Mehmet
Özay 03.04.2018
Geçen Ağustos
ayında bir grubun ülkenin batısındaki Arakan Eyaleti’nin kuzeyinde, birkaç
güvenlik noktasına yaptığı saldırı sonrasında Myanmar ordusunun Arakanlı
Müslümanların yaşadığı bölgelerde estirdiği terör, 2012 yılı Haziran ayından bu
yana yaşananların bir devam niteliği olmakla önem taşıyor.
En son açıklanan
rakamlarla sayıları yedi yüz bini bulan Arakanlı’nın etnik soykırım tehdidi
altında kurtuluş umuduyla Bangladeş sınırını geçmesiyle son dönemlerin en
önemli sığınmacı akınına tanık olunmuştu.

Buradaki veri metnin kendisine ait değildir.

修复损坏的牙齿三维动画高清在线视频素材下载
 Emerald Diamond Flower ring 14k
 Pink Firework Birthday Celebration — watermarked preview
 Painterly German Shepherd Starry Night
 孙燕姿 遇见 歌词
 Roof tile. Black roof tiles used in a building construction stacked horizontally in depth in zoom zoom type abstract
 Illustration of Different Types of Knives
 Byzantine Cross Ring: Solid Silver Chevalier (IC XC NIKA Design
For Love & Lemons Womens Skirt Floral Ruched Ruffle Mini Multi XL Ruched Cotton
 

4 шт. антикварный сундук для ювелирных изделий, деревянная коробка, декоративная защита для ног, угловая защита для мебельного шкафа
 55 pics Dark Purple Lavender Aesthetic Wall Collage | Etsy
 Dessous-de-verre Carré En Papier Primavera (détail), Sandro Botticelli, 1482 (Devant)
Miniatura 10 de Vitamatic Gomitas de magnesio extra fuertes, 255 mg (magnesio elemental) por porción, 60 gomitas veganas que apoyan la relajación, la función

Bangladeş’e yönelik bu akın ilk defa
gerçekleşmemesine rağmen, Myanmar ordusunun Müslümanlara yönelik saldırısının
boyutları ve sınırı geçen sığınmacıların sayının çokluğu küresel gündemde yer
etmişti. Kendi iç toplumsal ve ekonomik sorunlarıyla boğuşan Bangladeş
yönetiminin, bu kadar çok sayıda sığınmacıya kol kanat geremeyeceği aşikârdı.
Ayrıca, küresel
ilginin ortaya çıkmasının da verdiği bir itici güçle Bangladeş yönetimi, belki pek
de beklenmedik bir şekilde, çeşitli kamplara yerleştirilen Arakanlılara yönelik
uluslararası yardımları kabul etmeye başladı. Ardından geçen Kasım ayının
sonlarına doğru Bangladeş ve Myanmar hükümetleri arasında imzalanan bir ‘ön’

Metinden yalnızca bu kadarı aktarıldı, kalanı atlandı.